The Gardiner Sanitary District (GSD) board, Thursday night, took a big step forward in repairing an intermittent leaky pipe under the Umpqua River. The board voted to apply for $2.4 million in grants to repair the pipe and undertake a rate study.

The pipe repair would end years of sewage spills into the river, the most recent in late September.

The board also appeared to abandon plans to separate from the Reedsport wastewater treatment system and upgrade a facility that once served the International Paper site north of Gardiner.

“Based on our town hall meeting on Nov. 9,” GSD Board Chairwoman Jackie Degman said, “additional pressure has been placed on the district by DEQ (Department of Environmental Quality) to go south. New developments have been brought to our attention by our engineer, working with Becky Bryant of the State of Oregon Economic Development Department.”

Bryant brought the funding package to the board.

GSD has hoped to develop the IP facilities and stop using the Reedsport facilities, but the district was unable to get funding for the move.

The board refers to the two options as “going north” and “going south.”

J. Garrett Pallo, of Civil West Engineering Services Inc. is the district’s contract engineer. He told the board the writing was on the wall for improving the system to Reedsport and had written a letter to the board stating that.

“I think the point was the district really needed to face the fact that they couldn’t continue to do nothing, when it came to the river crossing,” Pallo told the board Thursday. “Currently there’s only one option on the table for the district and that is to go south. The north option is attractive but, for many reasons, is not on the table. There are a lot of obstacles in the way and Keith (Andersen from the DEQ) made it very clear for reasons that are obvious and reasons that are beyond their control.”

 The district will also undertake a rate study.

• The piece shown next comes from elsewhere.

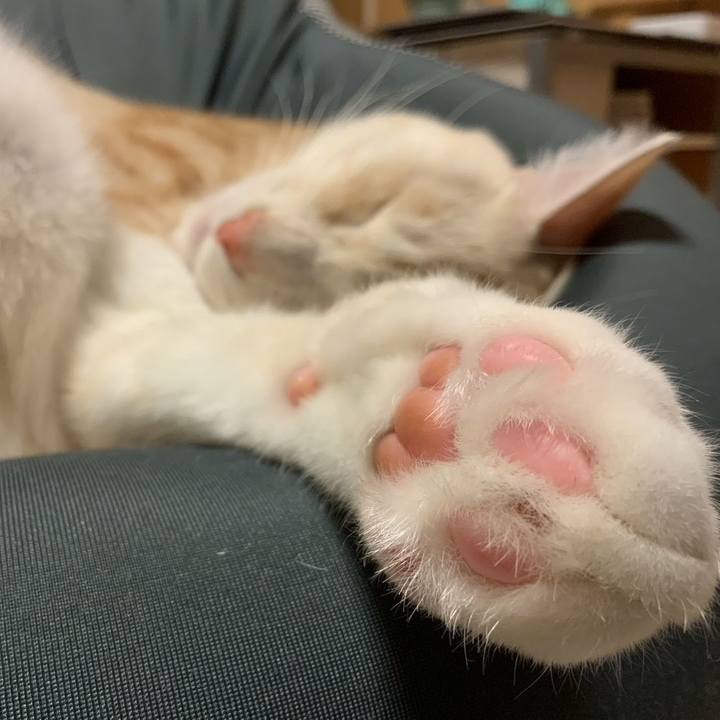 Ec6e65a8 6798 4130 9b9e 5d3c95051206 1702211931260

“There were a lot of people who came to the (town hall) that have, frankly, reasonable concerns about their sewer bills,” Pallo said. “The current rate structure in the district is difficult to defend. It’s been around a long time and is one of those things that, if done long enough, it becomes a habit. It really needs to be addressed.”

One apartment-complex owner said she’s paying $60 a month per unit and, currently, she has four units that aren’t being used.

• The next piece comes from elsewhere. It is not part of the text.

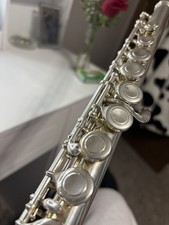 Trevor James Flute 10xE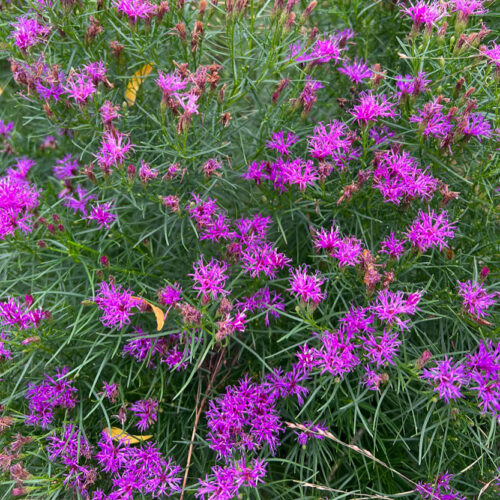 Ironweed ‘Iron Butterfly’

“The district needs to undertake a rate study,” Pallo said, “to develop an equitable and fair rate structure for all customers, both residential and commercial, so that customers are billed based on the amount of water they use.”

The city of Reedsport provides also provides water to the district.

He said people who generate a lot of wastewater should pay more.

“You have the tools available to you to meter your water usage,” Pallo continued. “This is something you should do.”

Andersen, the western region administrator for the DEQ attended the Thursday meeting and gave kudos to the board.

“I really admire you for doing something that I know hasn’t been the board’s first choice,” Andersen said. “This is a fantastic opportunity. I want to acknowledge that you guys have gotten to a place, I think, that’s really going to be good for the district.”